Blasbalg v. Narragansett Electric Co. (In Re Miner Industries, Inc.)

119 B.R. 6, 1990 Bankr. LEXIS 2065, 20 Bankr. Ct. Dec. (CRR) 1662, 1990 WL 140719
CourtUnited States Bankruptcy Court, D. Rhode Island
DecidedSeptember 12, 1990
DocketBankruptcy No. 88-00097, Adv. No. 89-1078
StatusPublished
Cited by9 cases

This text of 119 B.R. 6 (Blasbalg v. Narragansett Electric Co. (In Re Miner Industries, Inc.)) is published on Counsel Stack Legal Research, covering United States Bankruptcy Court, D. Rhode Island primary law. Counsel Stack provides free access to over 12 million legal documents including statutes, case law, regulations, and constitutions.

Bluebook
Blasbalg v. Narragansett Electric Co. (In Re Miner Industries, Inc.), 119 B.R. 6, 1990 Bankr. LEXIS 2065, 20 Bankr. Ct. Dec. (CRR) 1662, 1990 WL 140719 (R.I. 1990).

Opinion

DECISION AND ORDER

ARTHUR N. VOTOLATO, Jr., Bankruptcy Judge.

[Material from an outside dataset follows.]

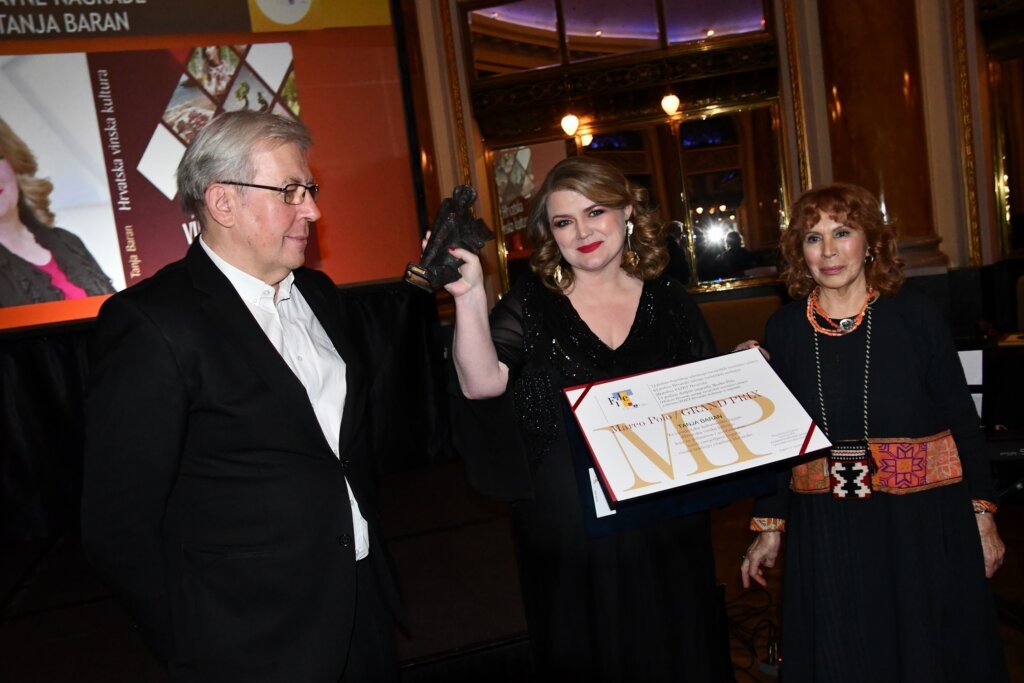 07 Dodjela Nagrade, Željko Žutelija, Tanja Baran, Tina Eterović Čubrilo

Heard on June 13, 1990 on the Trustee’s Complaint to recover as a preferential transfer, a $26,818.34 payment to Narragansett Electric Company (“Narragansett”), made within ninety days of the filing of the bankruptcy petition. In their Joint Pretrial Order, the parties have stipulated 1 that a prima facie case exists under Section 547(b) with respect to the $26,818.34 payment, and that the issue they wish to have decided is whether the Section 547(c)(2) “ordinary course of business” defense applies, putting this payment beyond the reach of the Trustee. The Trustee also requests the return of $1,069.95, pursuant to 11 U.S.C. § 553(b) 2 , as an improper, pre-petition set-off by Narragansett. In response to the Trustee’s claim of setoff under Section 553(b), Narragansett argues that its application of the debtor’s security deposit constitutes a recoupment rather than setoff, which would entitle the creditor to retain the funds.

SETOFF OR RECOUPMENT?

11 U.S.C. § 553(b) entitled “Setoff”, provides in relevant part that:

Except with respect to a setoff of a kind described in section 362(b)(6), 362(b)(7), 365(h)(2), or 365(i)(2) of this title, if a creditor offsets a mutual debt owing to the debtor against a claim against the debtor on or within 90 days before the date of the filing of the petition, then the trustee may recover from such creditor the amount so offset to the extent that any insufficiency on the date of such setoff is less than the insufficiency on the later of—
(A) 90 days before the date of the filing of the petition; and
(B) the first date during the 90 days immediately preceding the date of the filing of the petition on which there is an insufficiency.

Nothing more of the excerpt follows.